F# library providing type providers and helpers for accessing CSV, JSON, XML, HTML, and WorldBank data.
FSharp.Data is an F# library that provides type providers and parsing utilities for accessing structured data formats like CSV, JSON, XML, HTML, and WorldBank data. It solves the problem of cumbersome, error-prone data access by enabling strongly-typed, intuitive interaction with diverse data sources directly in F# code.
F# developers building data-intensive applications, scripts, or data analysis tools who need reliable, type-safe access to structured file formats and web APIs.

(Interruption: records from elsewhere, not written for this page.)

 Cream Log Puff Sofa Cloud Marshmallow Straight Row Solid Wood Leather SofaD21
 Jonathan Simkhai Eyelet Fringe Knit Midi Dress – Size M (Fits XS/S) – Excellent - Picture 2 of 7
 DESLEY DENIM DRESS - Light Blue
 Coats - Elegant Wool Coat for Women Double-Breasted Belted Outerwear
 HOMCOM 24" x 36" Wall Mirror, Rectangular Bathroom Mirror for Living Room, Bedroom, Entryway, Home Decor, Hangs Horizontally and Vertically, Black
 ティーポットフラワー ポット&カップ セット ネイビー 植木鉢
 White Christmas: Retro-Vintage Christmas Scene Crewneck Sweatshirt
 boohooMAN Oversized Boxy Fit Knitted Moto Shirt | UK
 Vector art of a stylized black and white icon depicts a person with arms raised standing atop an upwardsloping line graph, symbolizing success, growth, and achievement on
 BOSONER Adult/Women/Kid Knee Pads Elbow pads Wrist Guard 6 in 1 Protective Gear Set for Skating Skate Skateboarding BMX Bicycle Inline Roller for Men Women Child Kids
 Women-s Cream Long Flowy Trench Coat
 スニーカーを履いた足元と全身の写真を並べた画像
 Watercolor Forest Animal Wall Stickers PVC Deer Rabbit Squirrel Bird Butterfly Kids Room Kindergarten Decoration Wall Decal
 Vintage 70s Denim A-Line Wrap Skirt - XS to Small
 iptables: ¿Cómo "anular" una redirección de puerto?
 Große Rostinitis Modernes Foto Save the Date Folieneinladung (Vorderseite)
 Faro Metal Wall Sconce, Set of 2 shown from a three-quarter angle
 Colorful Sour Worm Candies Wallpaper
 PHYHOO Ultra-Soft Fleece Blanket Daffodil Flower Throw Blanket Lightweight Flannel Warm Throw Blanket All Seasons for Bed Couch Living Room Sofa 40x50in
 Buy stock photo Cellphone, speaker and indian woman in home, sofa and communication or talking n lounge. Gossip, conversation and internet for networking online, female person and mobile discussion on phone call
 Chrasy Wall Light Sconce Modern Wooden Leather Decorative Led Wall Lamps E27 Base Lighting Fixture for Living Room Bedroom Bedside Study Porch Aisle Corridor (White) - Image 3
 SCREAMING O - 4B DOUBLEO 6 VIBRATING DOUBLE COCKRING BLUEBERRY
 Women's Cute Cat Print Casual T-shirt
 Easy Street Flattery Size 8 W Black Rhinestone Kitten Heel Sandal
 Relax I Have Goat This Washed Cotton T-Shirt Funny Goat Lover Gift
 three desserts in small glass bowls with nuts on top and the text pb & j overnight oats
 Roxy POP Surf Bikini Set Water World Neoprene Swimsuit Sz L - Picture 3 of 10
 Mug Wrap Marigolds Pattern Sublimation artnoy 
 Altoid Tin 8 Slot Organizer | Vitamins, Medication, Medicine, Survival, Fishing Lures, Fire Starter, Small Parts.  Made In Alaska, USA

Developers choose FSharp.Data for its seamless integration with F#'s type system, eliminating manual data mapping and providing compile-time safety, IntelliSense support, and reduced boilerplate compared to traditional parsing approaches.
F# Data: Library for Data Access
Open-Awesome is built by the community, for the community. Submit a project, suggest an awesome list, or help improve the catalog on GitHub.
Generates F# types for CSV, JSON, XML, HTML, and WorldBank data, enabling IntelliSense and compile-time checking directly from the README, reducing boilerplate.
Supports JSON Schema and XSD schemas for strongly-typed access to JSON and XML documents, as highlighted in features, ensuring structured validation.
Infers types from data samples for dynamic handling, allowing intuitive interaction without predefined schemas, enhancing adaptability.
Includes functions for sending HTTP requests and processing web data seamlessly, simplifying web data access without external dependencies.
Exclusively designed for F#, making it unsuitable for mixed-language projects or teams not committed to the F# ecosystem, limiting broader adoption.
Type providers can slow down compilation times and IDE responsiveness, a common trade-off for compile-time safety not mentioned in README but known in practice.
Focuses on structured, in-memory data access; lacks built-in support for streaming large datasets or handling binary formats, requiring additional libraries.